I've encountered this problem as well and after some investigation it seems to happen more often when you have more than one instance and you try to make calls in rapid succession in the same session. (e.g. if you had an auto complete box and making ajax calls on each key press)
This occurs because when you try to access the session data, first of all the web server takes out a lock on that session. When the request is complete, it releases the lock. With the table service provider, it updates this lock status by updating a field in the table. What I think is happening is that Instance1 loads the session row, then Instance2 loads the session row, Instance1 saves down the updated lock status and when Instance2 attempts to save the lock status it gets an error because the object isn't in the same state as when it loaded it (the ETag doesn't match any more).
This is why the fix that you found will stop the error from occurring, because by specifying the "*" in the AttachTo, when Instance2 attempts to save the lock it will turn off ETag checking (and over write the changes made by Instance1).
In our situation we have altered the provider so that we can turn off session for certain paths (the ajax call that was giving us our problems didn't need access to session data, neither did the loading of images) which may be an option for you depending on what is causing your problem.
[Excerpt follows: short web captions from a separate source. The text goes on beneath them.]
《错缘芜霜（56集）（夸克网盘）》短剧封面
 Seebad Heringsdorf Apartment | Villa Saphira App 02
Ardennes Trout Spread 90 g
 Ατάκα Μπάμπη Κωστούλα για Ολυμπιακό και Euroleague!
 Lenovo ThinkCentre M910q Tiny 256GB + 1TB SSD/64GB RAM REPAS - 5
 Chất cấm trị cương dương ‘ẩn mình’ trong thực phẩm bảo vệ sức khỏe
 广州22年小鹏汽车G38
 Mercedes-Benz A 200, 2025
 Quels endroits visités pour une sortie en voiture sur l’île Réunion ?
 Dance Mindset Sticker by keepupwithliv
Unfortunately the TableStorageSessionStateProvider is part of the sample projects and so isn't (as far as I'm aware, but I'll happily be told otherwise) officially supported by Microsoft. It does have other issues, like the fact that it doesn't clean up it's session data once a session expires, so you will end up with lots of junk in the session table and blob container that you'll have to clean up some other way.